- Pimlico Location within South Carolina Pimlico Location within the United States
- Coordinates: 33°05′56″N 79°57′38″W﻿ / ﻿33.09889°N 79.96056°W
- Country: United States
- State: South Carolina
- County: Berkeley

Area
- • Total: 0.83 sq mi (2.14 km^{2})
- • Land: 0.69 sq mi (1.78 km^{2})
- • Water: 0.14 sq mi (0.36 km^{2})
- Elevation: 13 ft (4.0 m)

Population (2020)
- • Total: 1,208
- • Density: 1,759.9/sq mi (679.51/km^{2})
- Time zone: UTC-5 (Eastern (EST))
- • Summer (DST): UTC-4 (EDT)
- ZIP Code: 29461 (Moncks Corner)
- Area codes: 843/854
- FIPS code: 45-56545
- GNIS feature ID: 2812938

= Pimlico, South Carolina =

Pimlico is a housing development and census-designated place (CDP) in Berkeley County, South Carolina, United States. It was first listed as a CDP prior to the 2020 census with a population of 1,208.

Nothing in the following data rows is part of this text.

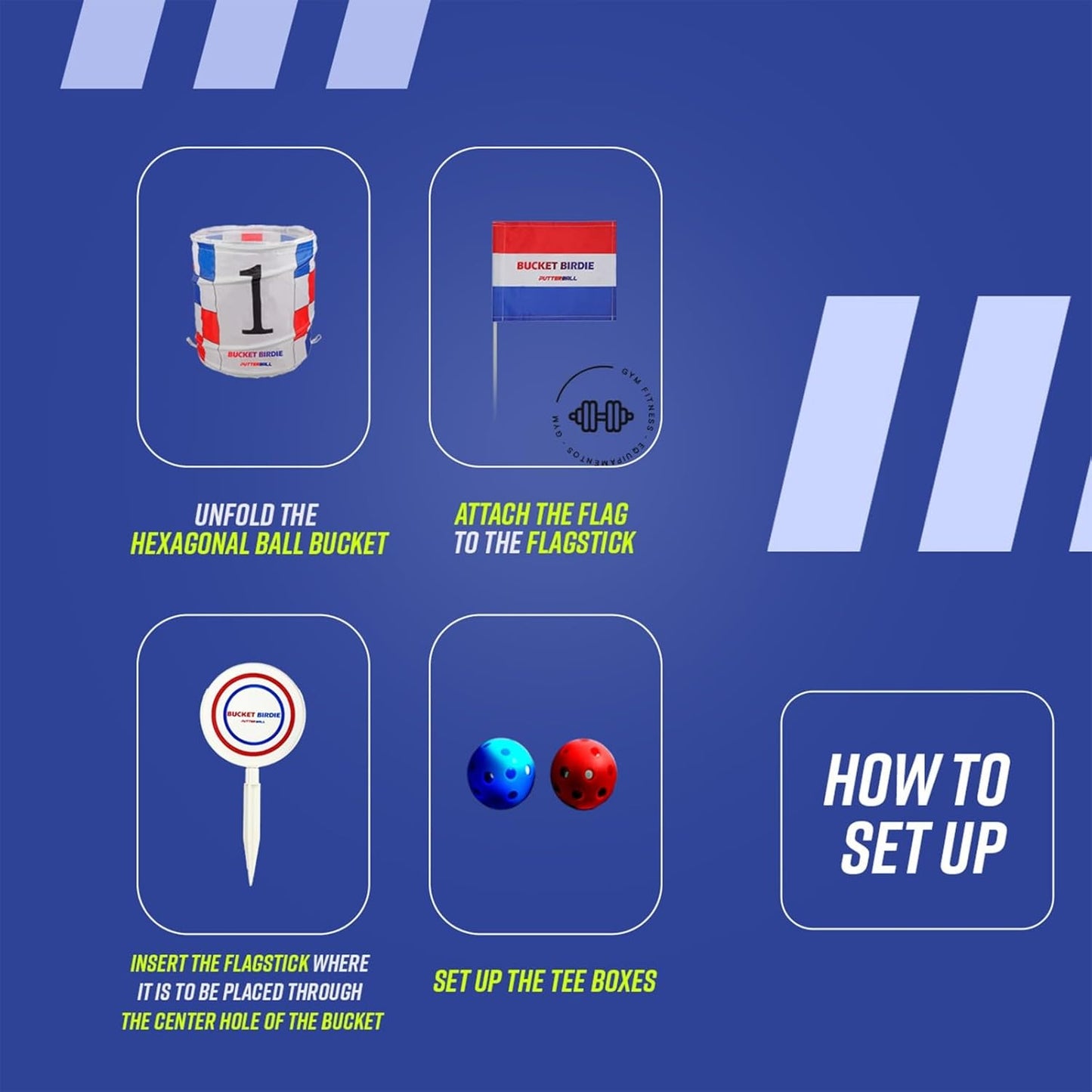 Bucket Birdie Backyard Golf Game — 9 Hole Bucket Golf Yard with Adjustable Clubs, Flags, Balls, Turf Mats, and Carry Bag — Outdoor Golf Game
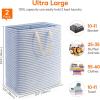 imageLifewit 3 Pack Laundry Hamper Large Collapsible Laundry Baskets Freestanding Waterproof Clothes Hamper with Easy Carry Handles in Laundry Room Bedroom Bathroom College Dorm for Adults Black 3 x 80LBluePink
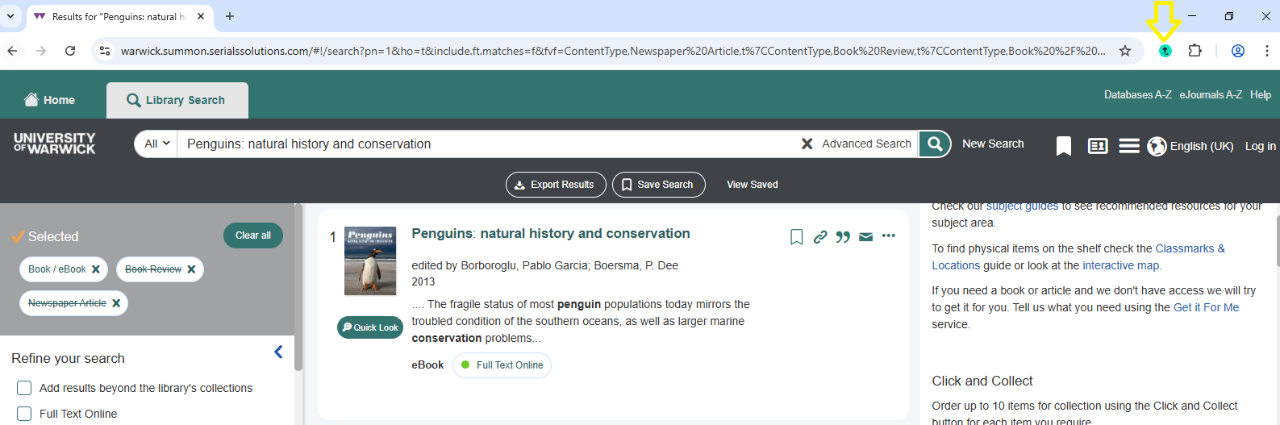 A screen grab of the Talis Bookmarking Extension button showing on a browser tab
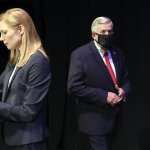 Missouri gubernatorial candidates, Gov. Mike Parson, and State Auditor Nicole Galloway are seen onstage before the Missouri gubernatorial debate at the Missouri Theatre on Friday, Oct. 9, 2020 in Columbia, Missouri. (Robert Cohen/St. Louis Post-Dispatch via AP, Pool)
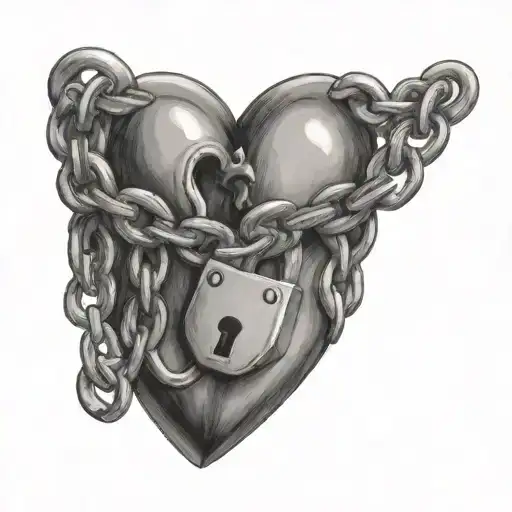 Chain Wrapped Around An Anatamoical Heart And A Lock On The Chain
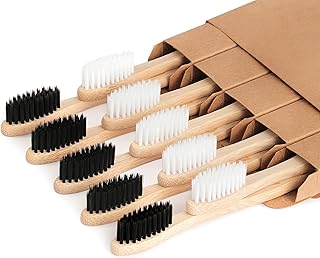 Bamboo Biodegradable Toothbrushes (10-Pack)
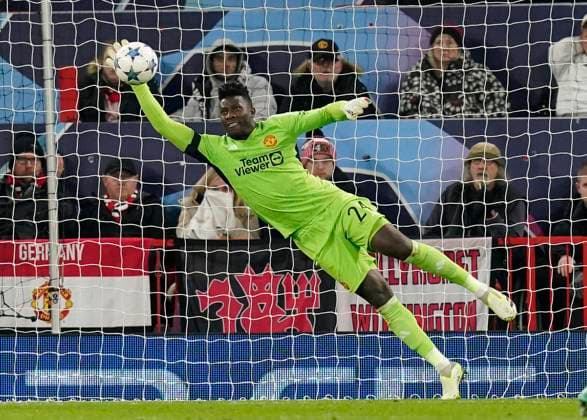 Manchester, England, 24th October 2023. Andrà Onana of Manchester United, ManU produces a save from Lukas Lerager of FC Copenhagen during the UEFA Champions League match at Old Trafford, Manchester. Picture credit should read: Andrew Yates Sportimage EDITORIAL USE ONLY. No use with unauthorised audio, video, data, fixture lists, club league logos or live services. Online in-match use limited to 120 images, no video emulation. No use in betting, games or single club league player publications. SPI-2672-0067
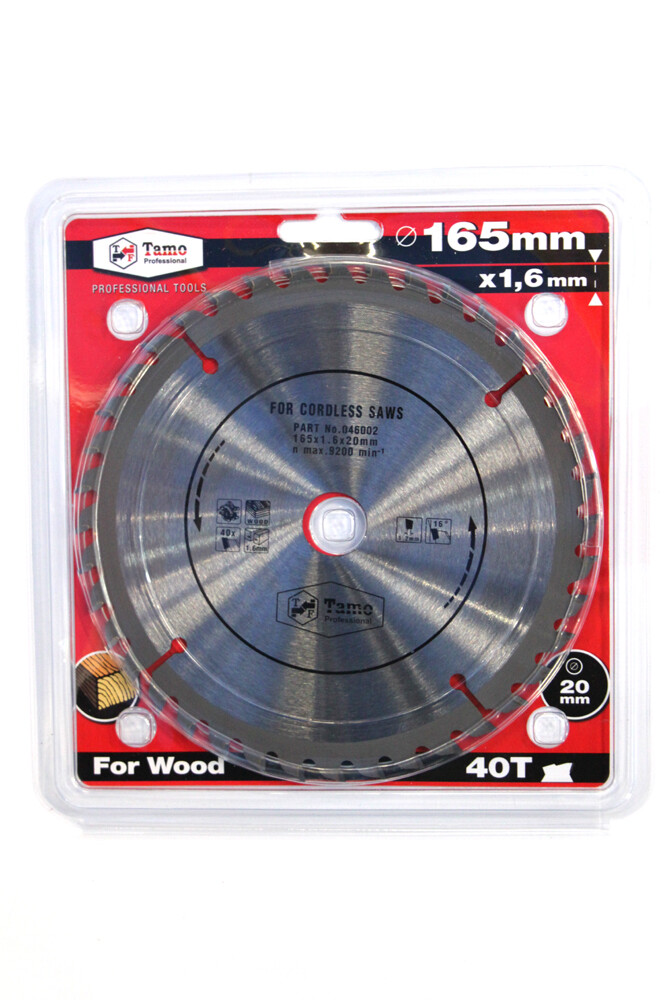 TAMO BATTERY CIRCULAR SAW BLADE FOR WOOD 165/1,6/20 MM 40T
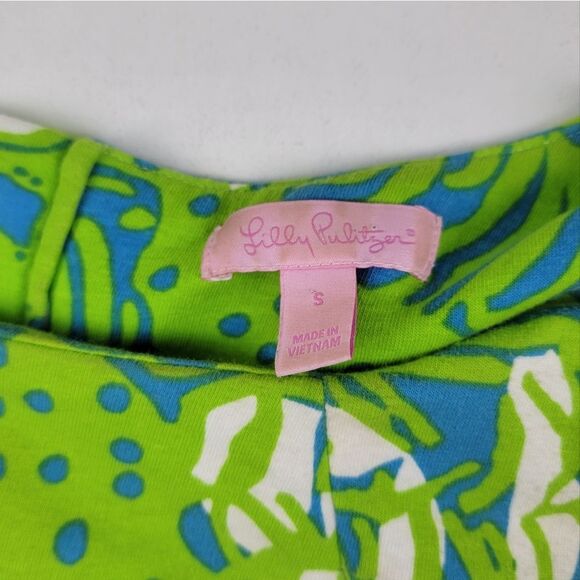 Lilly Pulitzer Dress Small Charlene Shift‎ Limeade Lion Print Green Knit Small - Picture 5 of 10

The CDP is in central Berkeley County, on the west bank of the West Branch of the Cooper River. It is 5 mi east of the Strawberry section of Moncks Corner and 29 mi north of Charleston.

==Demographics==

Pimlico first appeared as a census designated place in the 2020 U.S. census.

Historical population
| Census | Pop. | Note | %± |
| 2020 | 1,208 |  | — |
U.S. Decennial Census 2020

===2020 census===

Pimlico CDP, South Carolina – Demographic Profile (NH = Non-Hispanic)
| Race / Ethnicity | Pop 2020 | % 2020 |
|---|---|---|
| White alone (NH) | 1,097 | 90.81% |
| Black or African American alone (NH) | 25 | 2.07% |
| Native American or Alaska Native alone (NH) | 0 | 0.00% |
| Asian alone (NH) | 3 | 0.25% |
| Pacific Islander alone (NH) | 0 | 0.00% |
| Some Other Race alone (NH) | 3 | 0.25% |
| Mixed Race/Multi-Racial (NH) | 48 | 3.97% |
| Hispanic or Latino (any race) | 32 | 2.65% |
| Total | 1,208 | 100.00% |

Note: the US Census treats Hispanic/Latino as an ethnic category. This table excludes Latinos from the racial categories and assigns them to a separate category. Hispanics/Latinos can be of any race.